Leaving out the pictures, please reproduce exactly and only the lines from the one that contains "3101 Ocean Parkway" through the last line below.

**GIVEN INFORMATION:**
● ● ● ● ●
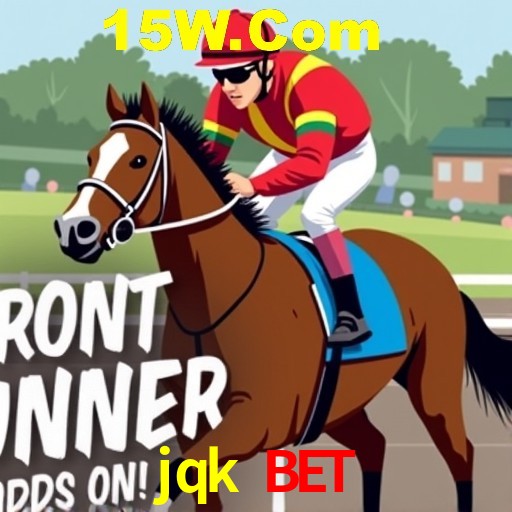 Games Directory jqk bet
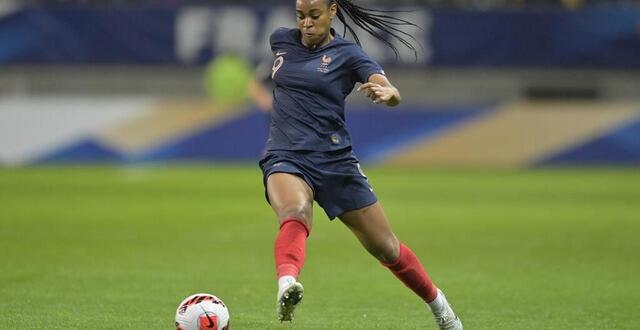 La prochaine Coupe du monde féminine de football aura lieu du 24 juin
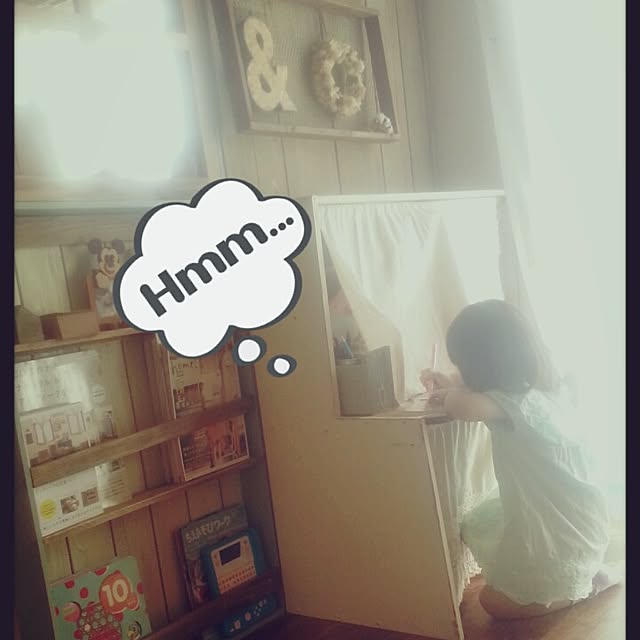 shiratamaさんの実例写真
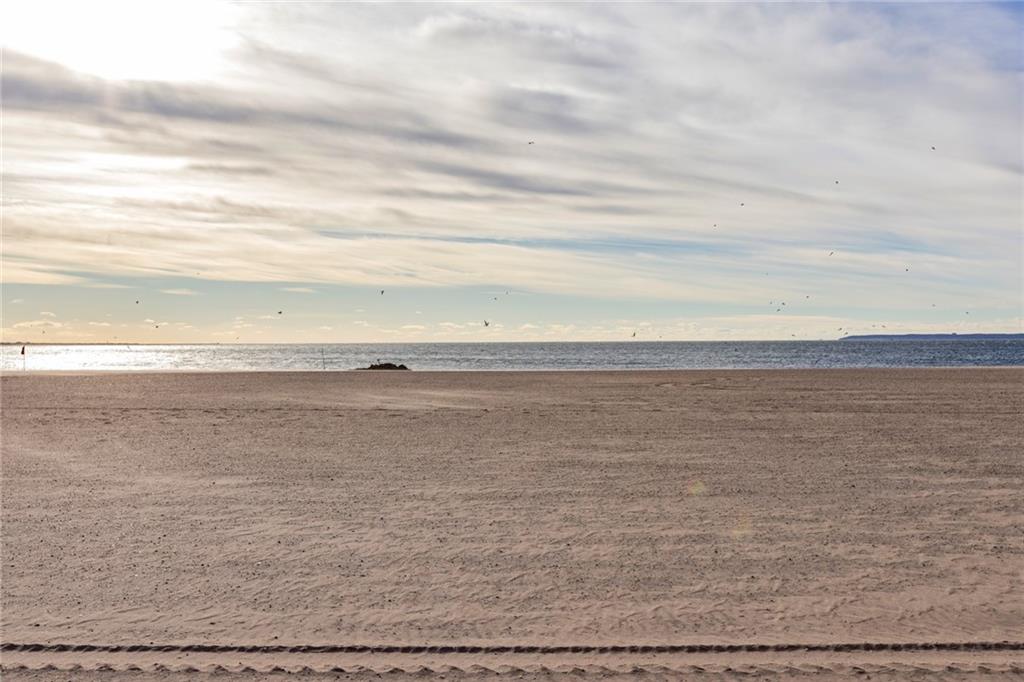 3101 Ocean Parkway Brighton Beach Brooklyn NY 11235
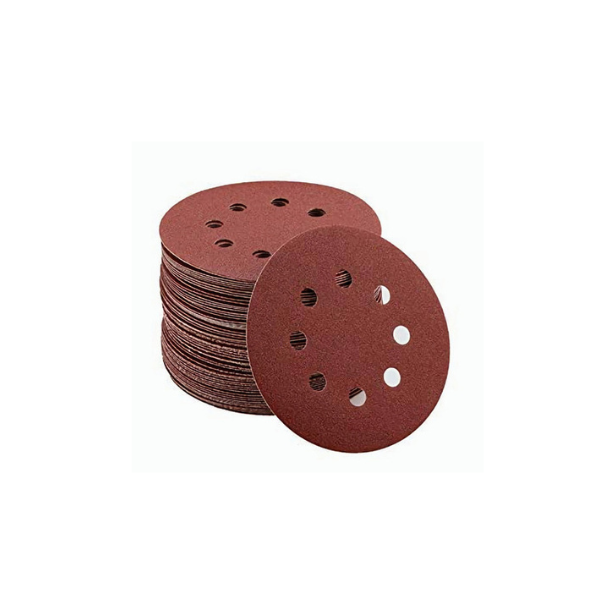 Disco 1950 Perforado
● ● ● ● ●
**OUTPUT OF THE TASK:**
 3101 Ocean Parkway Brighton Beach Brooklyn NY 11235
 Disco 1950 Perforado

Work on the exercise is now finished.